Cape Town - Government will continue to assist the Reserve Bank to accumulate foreign exchange reserves and engage in foreign currency swaps to moderate the effect of capital inflows on the exchange rate, the Minister of Finance Pravin Gordhan revealed today.
Gordhan said in his Budget Speech, the Rand last year appreciated by 12% against a trade-weighted basket of currencies.
From December last year, to halfway through this month, the rand depreciated by about 10%.
The Reserve Bank spent R53 billion on foreign exchange reserve accumulation in 2010 - about 2% of GDP.
South Africa's foreign exchange reserves last year increased by US$5.8 billion to US$45.5 billion.
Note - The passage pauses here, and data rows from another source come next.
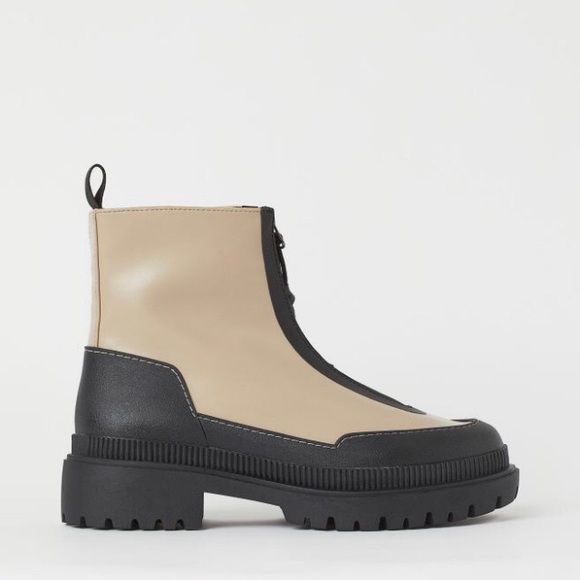H&M Water Repellent Boots Light Beige/Black Size 38 - Picture 3 of 14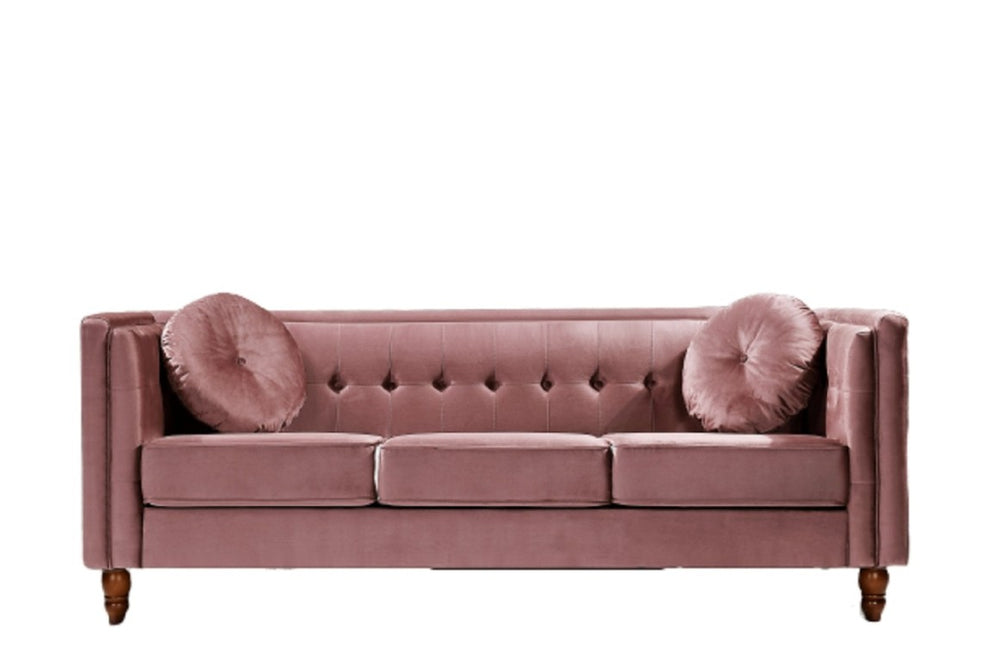 English Elm Classic Chesterfield Crushed Velvet Sofa with Button Tufting and Tapered Wood Legs Rose B2735S00107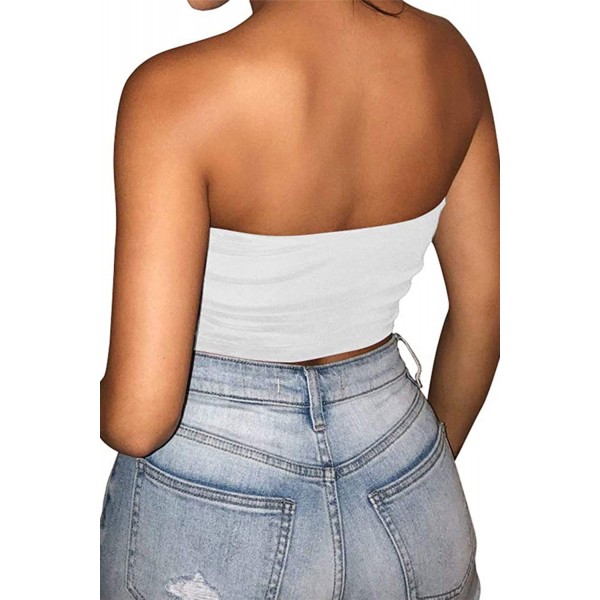 White Strapless Tube Crop Top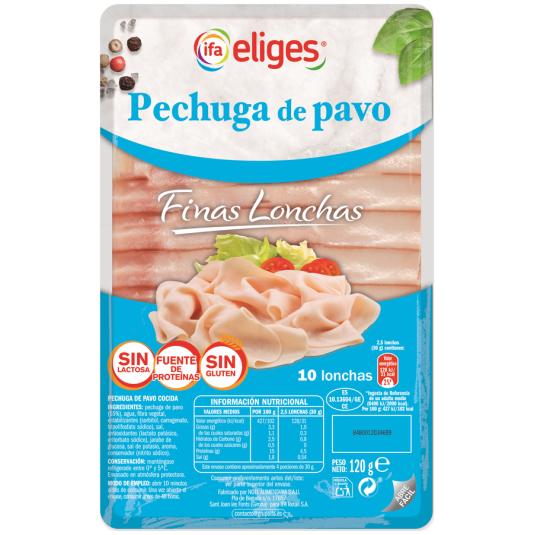 PECHUGA PAVO FINAS LONCHAS IFA ELIGES 120G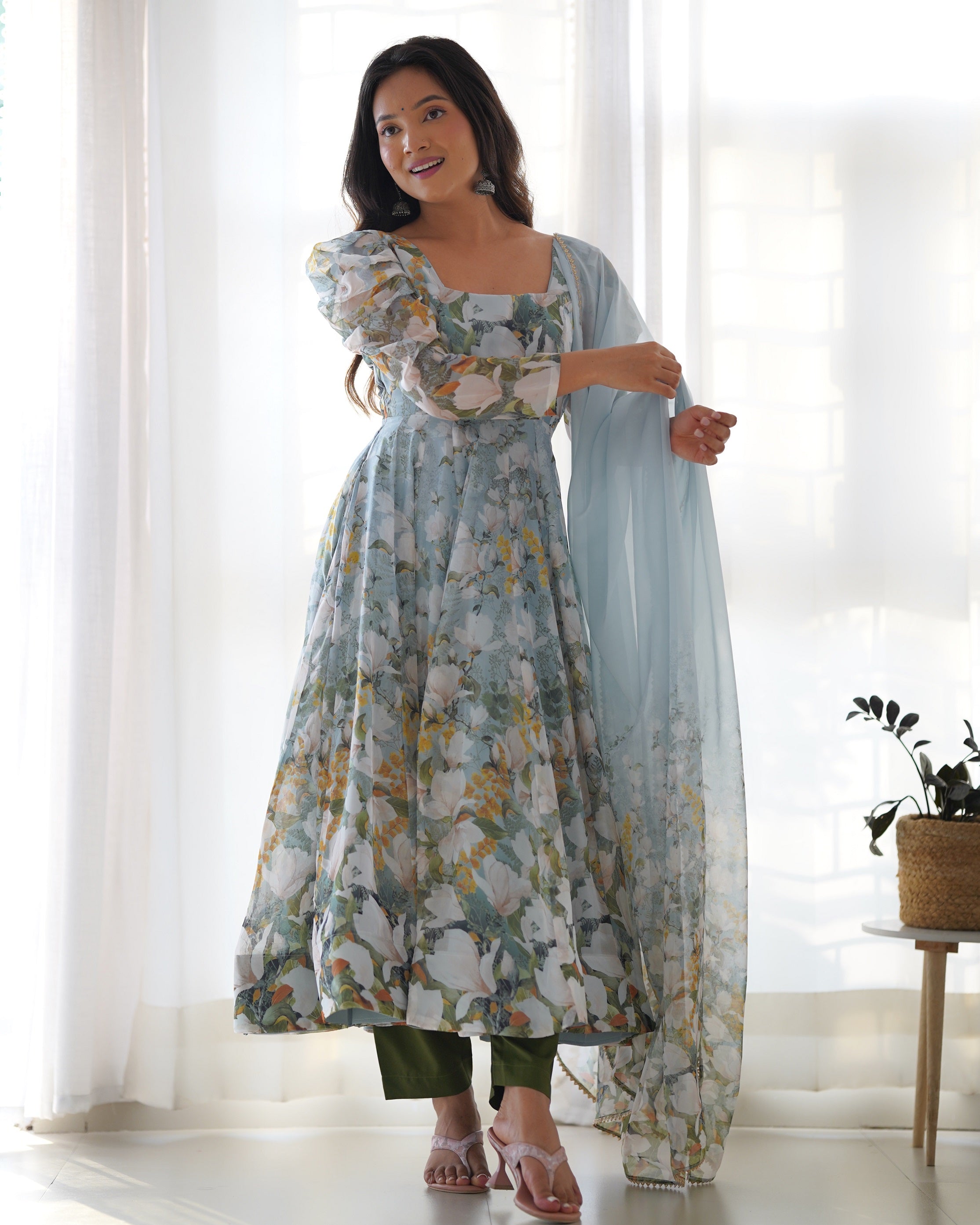 Lehenga Mart Multi Color Organza Silk Designer Organza Silk Floral Printed Anarkali Gown Suit - Distacart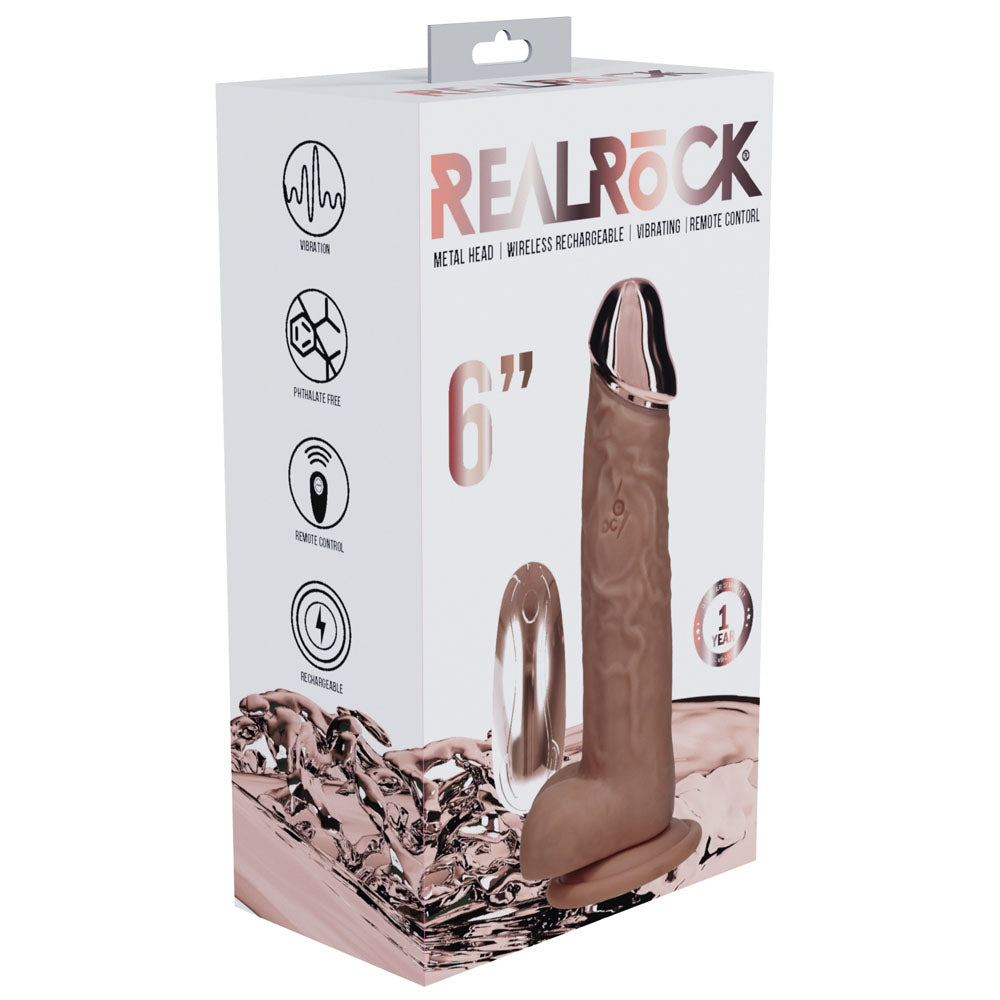 RealRock Metal Head 6 Inch USB Rechargeable Vibrating Dildo with Remote > Dildos > Realistic Dildos - Tophatter Daily Deals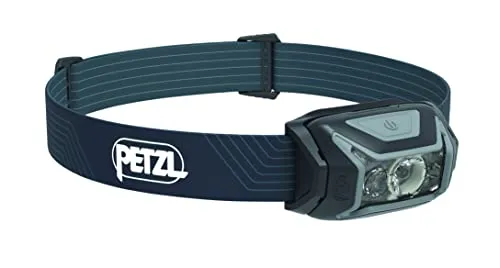 Petzl Stirnlampe Actik LED - 450 Lumen, wasserfest mit Rotlicht - Stirnlampen für Outdoor-Aktivitäten, mit 100 m Leuchtweite und 4 Lichtmodi. Ideal für Joggen und Wandern, spritzwassergeschützt und leicht mit nur 98 g.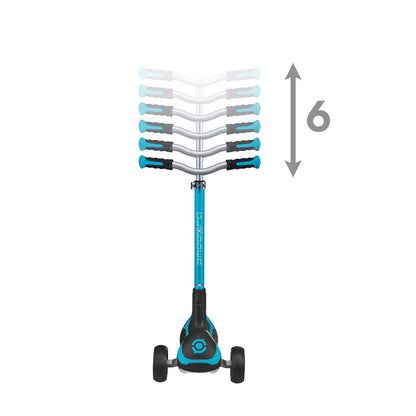 Globber Ultimum 3 Wheel Scooter in Aqua, featuring adjustable height, wide deck, and patented steering system.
Between last month and August last year, the Reserve Bank entered into long-term currency swaps worth US$4.3 billion, to sterilise foreign currency flows.
While capital inflows to developing countries are expected to continue over the long term, they will remain "inherently volatile," said Gordhan.
Net private inflows to emerging markets increased to US$908 billion last year from US$581 billion in 2009.
The Rand was not alone in its strong appreciation last year - strong capital flows during 2010 led to significant appreciation of several emerging currencies, such as the Brazilian Real, the
Indonesian Rupee and the South Korean Won.
Gordhan said the capital inflow management problem was largely confined to a subset of emerging market economies, namely: Brazil, China, India, Indonesia, Malaysia, Mexico, South Africa and Turkey, which received 95 percent of portfolio equity flows to emerging countries last year.
He said last year the accumulation of reserves was the tool widely used to manage capital inflows.
Gordhan said the Institute for International Finance expects these inflows to remain high during this year.
While high capital inflows can help finance domestic investment, they represent a risk as they can contribute to overvalued currencies and create domestic asset bubbles.
Gordhan said the IMF is promoting international "rules of the road" to manage capital flows and forestall the rush to protectionism or competitive devaluations.